# Build Model

In [1]:
import torch
from torch import nn
from torchvision import models

In [None]:
# Torch Module using GloVe Embeddings

class CaptionEncoder(nn.module):
    def __init__(self, embed_size):
        super(CaptionEncoder, self).__init__()

        self.embed_size = embed_size
        
        self.embed = nn.Embedding.from_pretrained(torch.load('glove.twitter.27B.pt'))

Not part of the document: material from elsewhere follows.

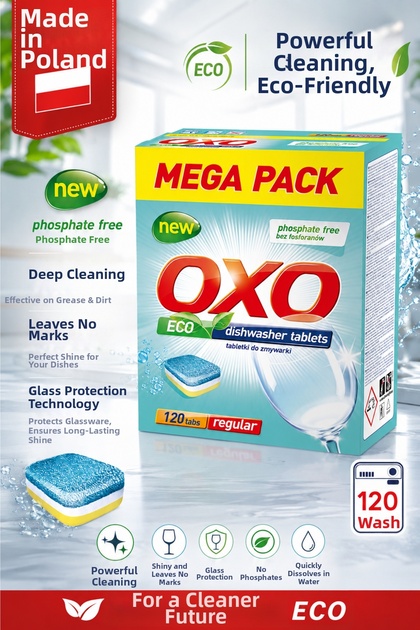 Oxo - 1 Box - 120 Pieces Dishwasher Tablets Mega Pack Detergent All in One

        self.lstm = nn.LSTM(input_size=300, hidden_size=embed_size, num_layers=1, batch_first=True)
        
    def forward(self, x):
        x = self.embed(x)
        x, _ = self.lstm(x)
        return x

In [None]:
# Torch module for image encoding using Inceptionv4

class ImageEncoder(nn.Module):
    def __init__(self, embed_size):
        super(ImageEncoder, self).__init__()

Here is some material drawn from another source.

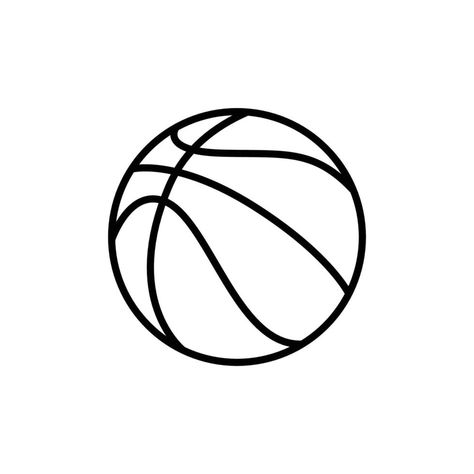 Basketball Outline Icon Illustration on Isolated White Background Suitable for Ball, Basket, Sports Equipment Icon Basketball Clipart Black And White, Basketball Ball Drawing, Basketball Outline, Basketball Tattoos, Basketball Drawings, Basket Drawing, Bola Basket, Ball Drawing, Basket Sport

        self.embed_size = embed_size

        self.inception = models.inception_v3(pretrained=True)
        self.inception.fc = nn.Linear(in_features=2048, out_features=embed_size)

    def forward(self, x):
        x = self.inception(x)
        return x

In [None]:
class ImageLabelEncoder(nn.Module):
    """ImageLabel encoder.

    Encodes images and text labels into a single embedding of size `emb_dim`.
    """

    def __init__(self, num_tokens, emb_dim=256, dropout=0.2):
        """Initializes LabelEncoder.

        Args:
            num_tokens: number of tokens in the vocabulary
            emb_dim (int): dimensions of the output embedding
            dropout (float): dropout for the encoded features
        """
        super().__init__()
        self.image_encoder = ImageEncoder(emb_dim, dropout)
        self.label_encoder = LabelEncoder(num_tokens, emb_dim, dropout)
        self.linear = nn.Linear(2 * emb_dim, emb_dim)
        self.dropout = nn.Dropout(dropout)

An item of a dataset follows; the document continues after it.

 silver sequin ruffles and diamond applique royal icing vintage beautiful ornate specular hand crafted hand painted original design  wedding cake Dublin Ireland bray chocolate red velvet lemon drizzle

    def forward(self, images, labels):
        """
        Args:
            images (torch.Tensor): input images of shape `[bs, width, height]`
            labels (torch.Tensor): input text labels of shape `[bs, seq_len]`

        Returns:
            torch.Tensor: combined image-label embedding of shape `[bs, emb_dim]`
        """
        image_emb = self.image_encoder(images)
        label_emb = self.label_encoder(labels)

        emb = torch.cat([image_emb, label_emb], dim=1)
        emb = self.dropout(self.linear(emb))

        return emb